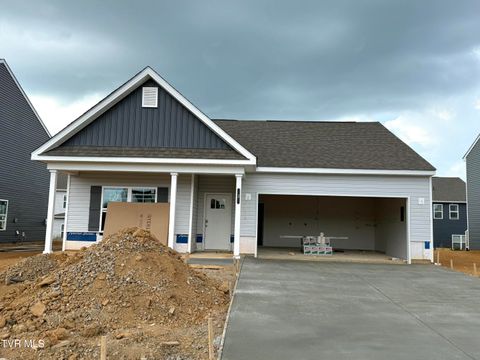 Homes For Sale - 3 Morsel Court Ct<br/> Johnson City, TN 37615
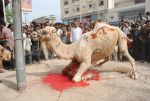 अब सऊदी अरब में हज के दौरान नहीं दी जाएगी ऊंट की कुर्बानी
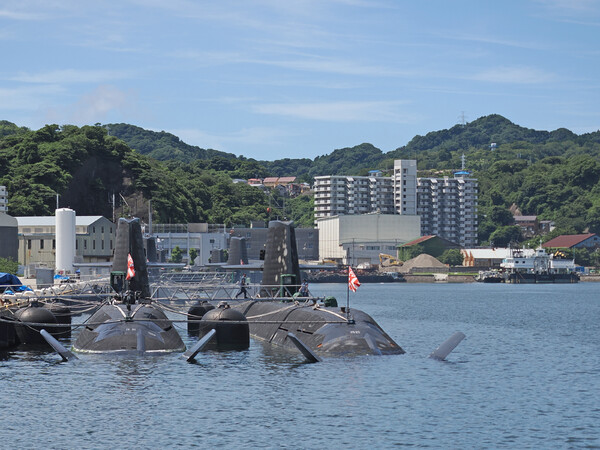 クジラの集い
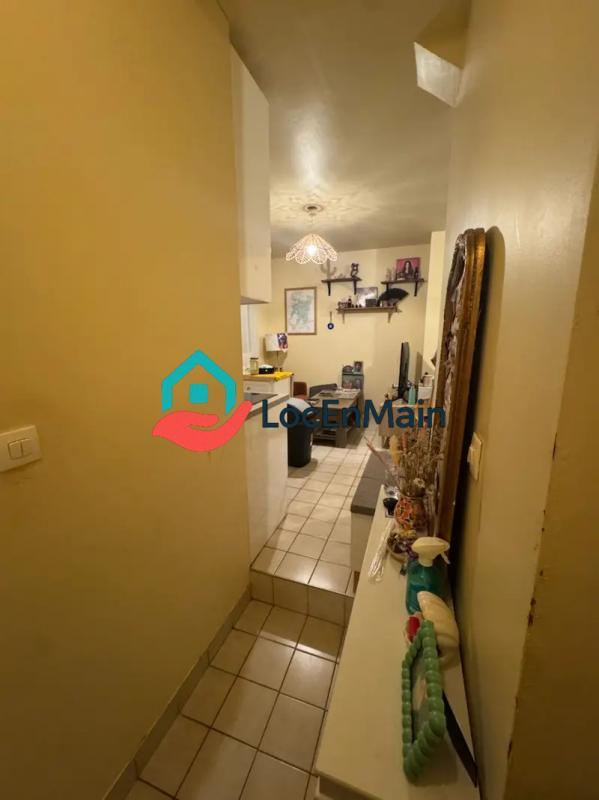 Studio - 25 m² - 1 pièce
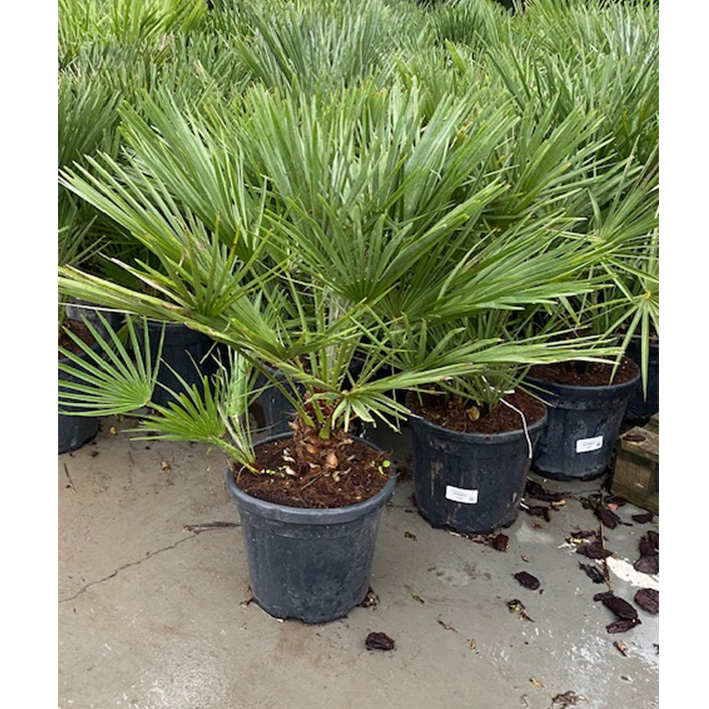 Europese dwergpalm (Chamaerops-humilis-15l-pot)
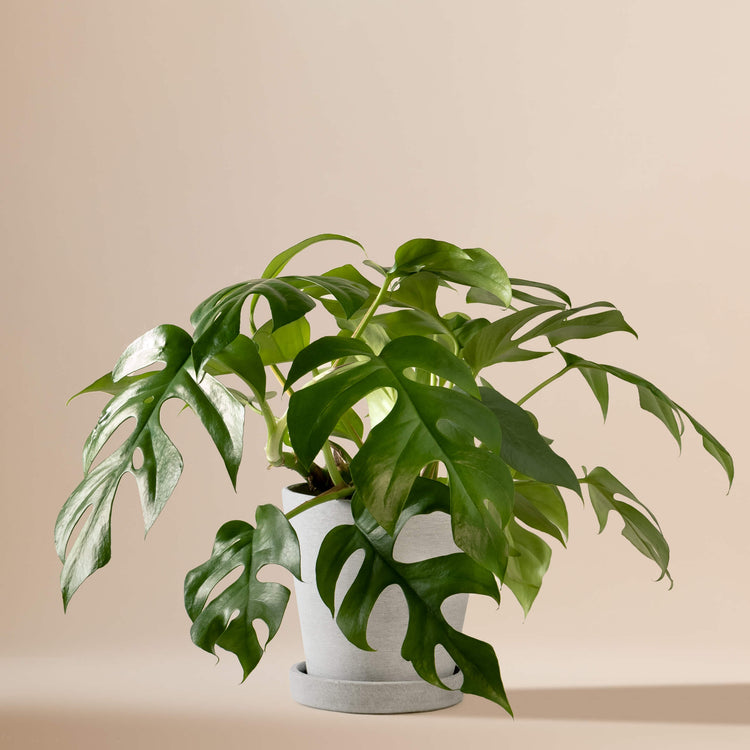 Monstera Minima (Rhaphidophora Tetrasperma) fertig eingetopft mit Schweizer Bio Erde im HAY Designer Topf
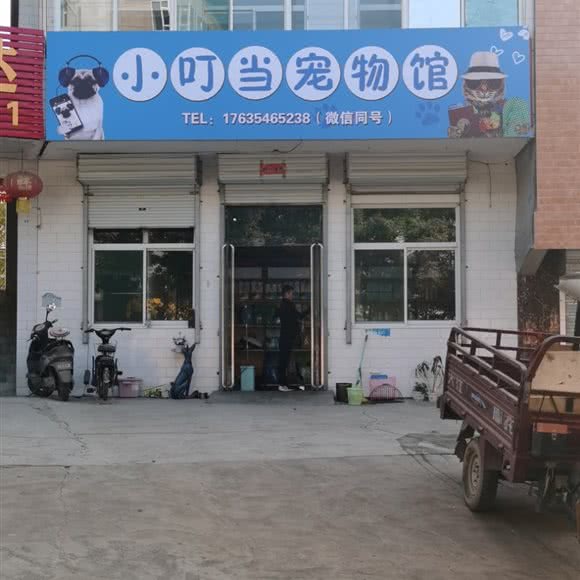 小叮当宠物馆:吕梁市离石区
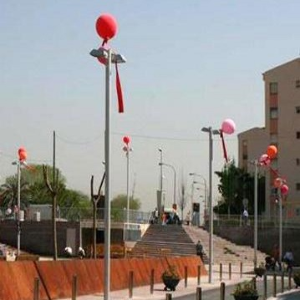 Columna Ctal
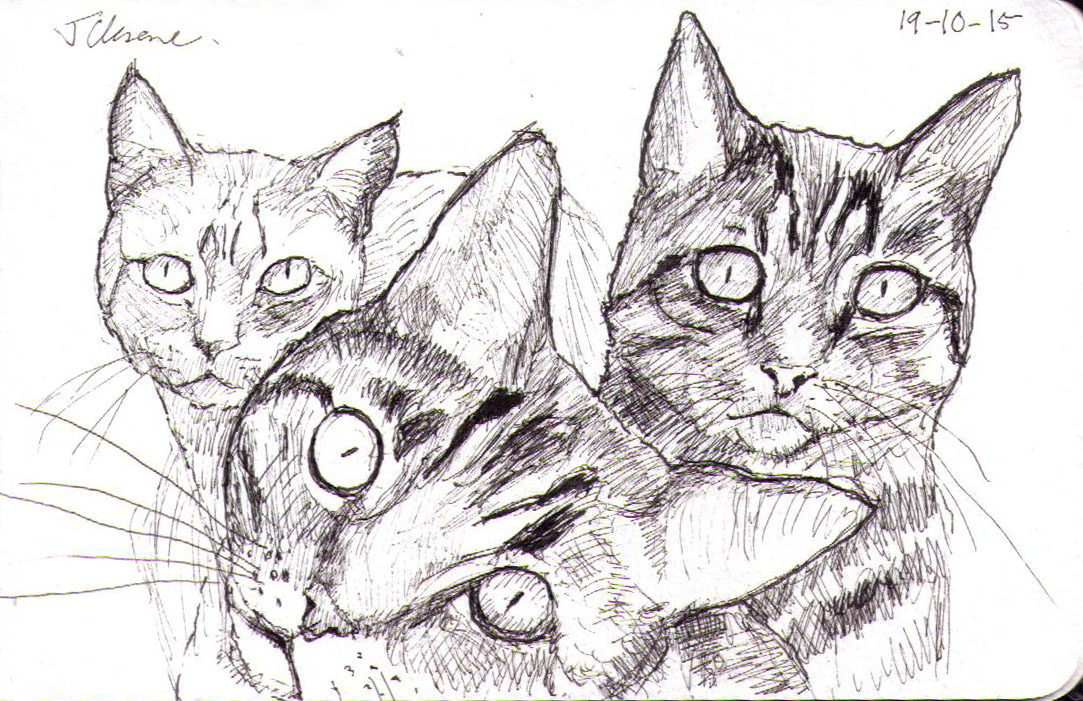 1083x701 Quick Sketch Of Three Crazy Cats One Drawing Daily - Three Sketch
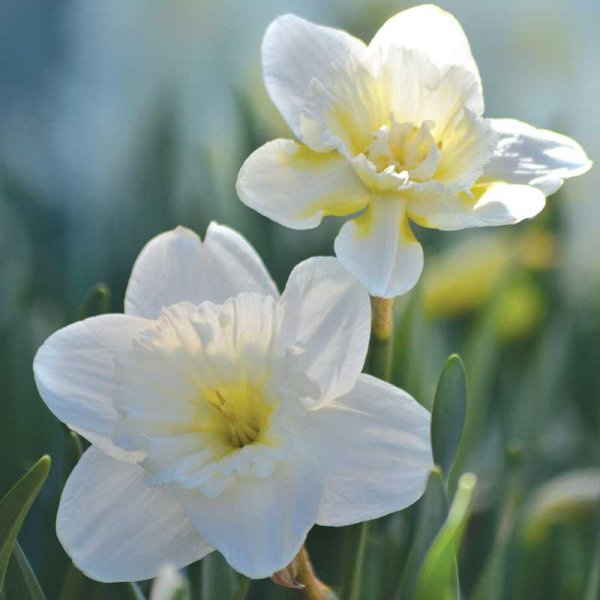 Narsissi 'Mount Hood'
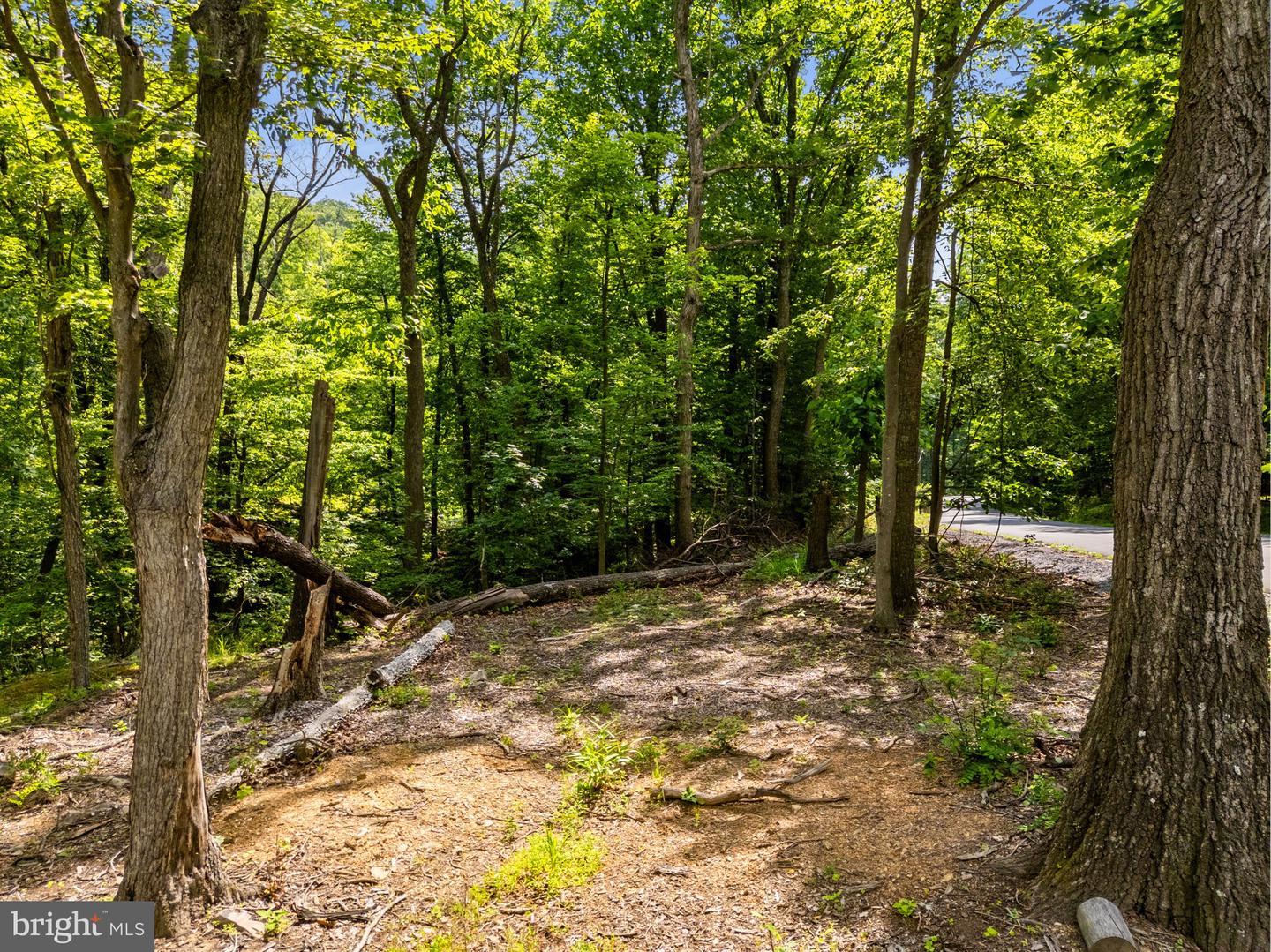 Lot 34 Audubon Rd Property Photo 12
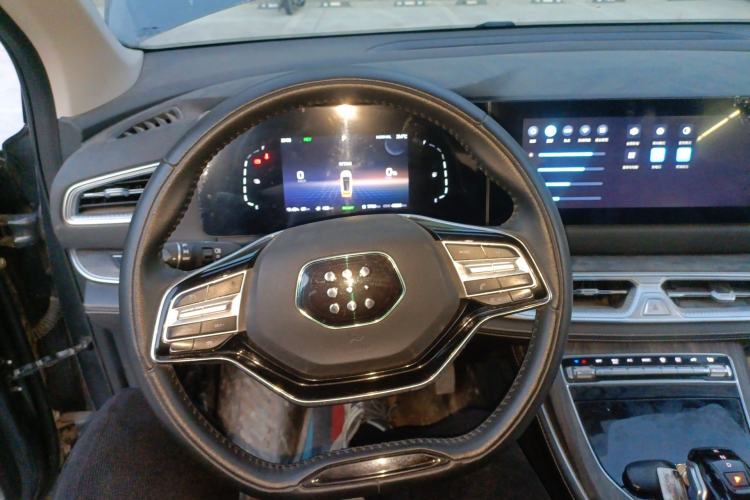 Used Landian E5 2024 Honor Edition 100KM Comfort Model 7 Seats Steering Wheel
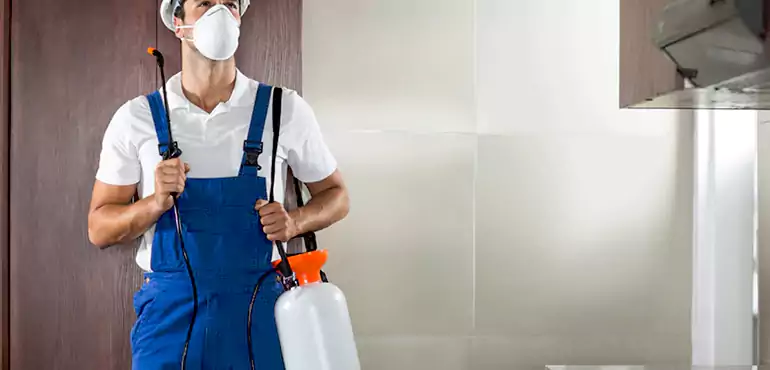 Why Illinois Homeowners Choose Us When Pests Make Selling Difficult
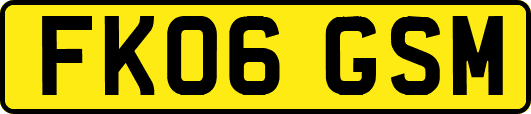FK06GSM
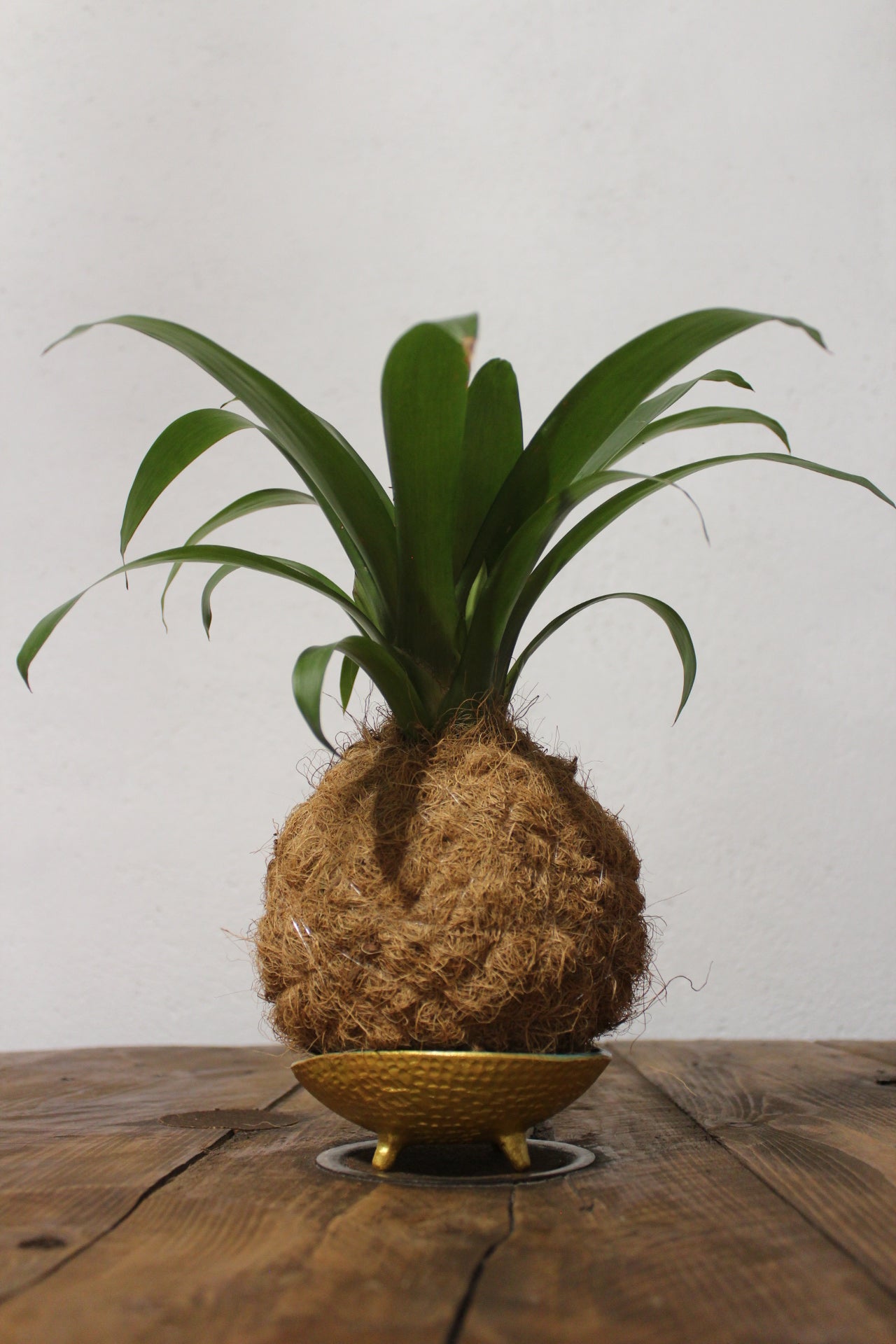 Kokedama Guzmania fibra di cocco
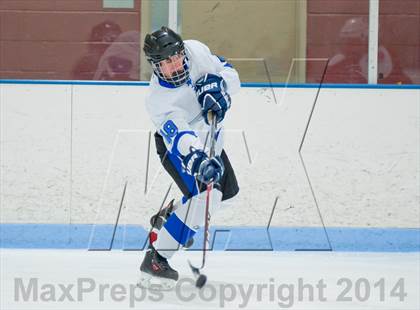 Thumbnail 3 in Columbine vs Cherry Creek photogallery.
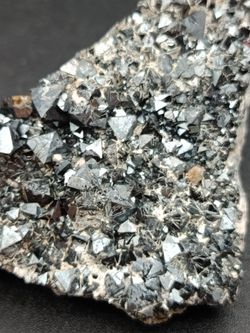 Magnetita cristales octaédricos en matriz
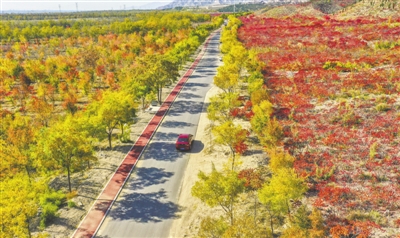 <p>北武当生态旅游区漫山遍野的红叶。</p>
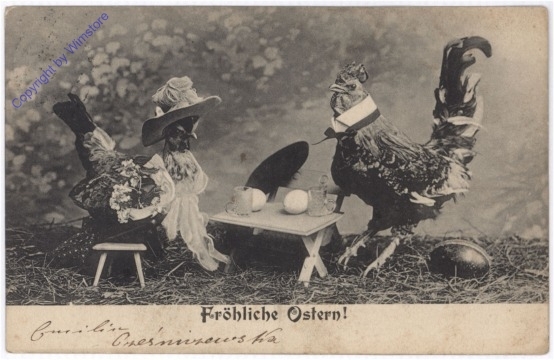 Hahn und Henne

*YOUR GOAL*
Omit the pictures and please write out exactly the lines between the one containing "Monstera Minima (Rhaphidophora" and the last line of the entries, both included.

*ANSWER*
 Monstera Minima (Rhaphidophora Tetrasperma) fertig eingetopft mit Schweizer Bio Erde im HAY Designer Topf
 小叮当宠物馆:吕梁市离石区
 Columna Ctal
 1083x701 Quick Sketch Of Three Crazy Cats One Drawing Daily - Three Sketch
 Narsissi 'Mount Hood'
 Lot 34 Audubon Rd Property Photo 12
 Used Landian E5 2024 Honor Edition 100KM Comfort Model 7 Seats Steering Wheel
 Why Illinois Homeowners Choose Us When Pests Make Selling Difficult
FK06GSM
 Kokedama Guzmania fibra di cocco
 Thumbnail 3 in Columbine vs Cherry Creek photogallery.
 Magnetita cristales octaédricos en matriz
 <p>北武当生态旅游区漫山遍野的红叶。</p>
 Hahn und Henne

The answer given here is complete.